Lambay Island - Lambay Castle

Lambay Castle

A small late 16th century fort with battlemented gables, possibly incorporating a 15th. century blockhouse, on Lambay Island, four kilometres off the north County Dublin coast; transformed by Sir Edwin Lutyens into a romantic castle for Hon. Cecil Baring, afterwards 3rd. Lord Revelstoke, who bought the island in 1904 as a place to escape to with his beautiful young wife, the daughter of Pierre Lorriard, the first American to win the Derby; the story of their early life here inspired Julian Slade’s musical 'Free as Air'. Lutyens made the old fort habitable and built a quadrangle of offices and extra bedrooms adjoining it, with roofs of grey pantiles sweeping down almost to the ground.

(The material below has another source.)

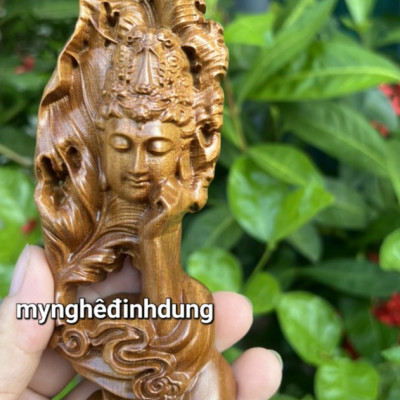 Tượng điêu khắc im lặng là vàng bằng gỗ bách xanh thơm nức cao 15x5x3cm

He also built a circular curtain wall or enceinte surrounding the castle and its garden, with an impressive bastioned gateway; this wall serves the practical purpose of a wind break, enabling trees and plants to grow inside it- which would not grow outside. Everything is of a silvery grey stone, bleached pale by sun and storm. The rooms in the castle have vaulted ceilings and stone fireplaces; there is a stone staircase with many attractive curves and an underground gallery in the new quadrangle which might have been conceived by Piranesi. Lutyens also designed the approach from the harbour, with curved step-like terraces reminiscent of the now-vanished Ripetta in Rome; characteristically, having ascended those Baroque steps, one has to cross an open field to come to the curtain wall, the entrance gateway not being at first visible; so there is a wonderful sense of expectancy. Close to the harbour is the White House, a largely single-storey horse-shoe shaped house with high roofs and white harled walls, which Lutyens designed in 1930's for Lord Revelstoke's daughter Hon. Mrs. (Arthur) Pollen. On a hill is an old Catholic chapel, with a portico of tapering stone columns and a barrel vaulted ceiling.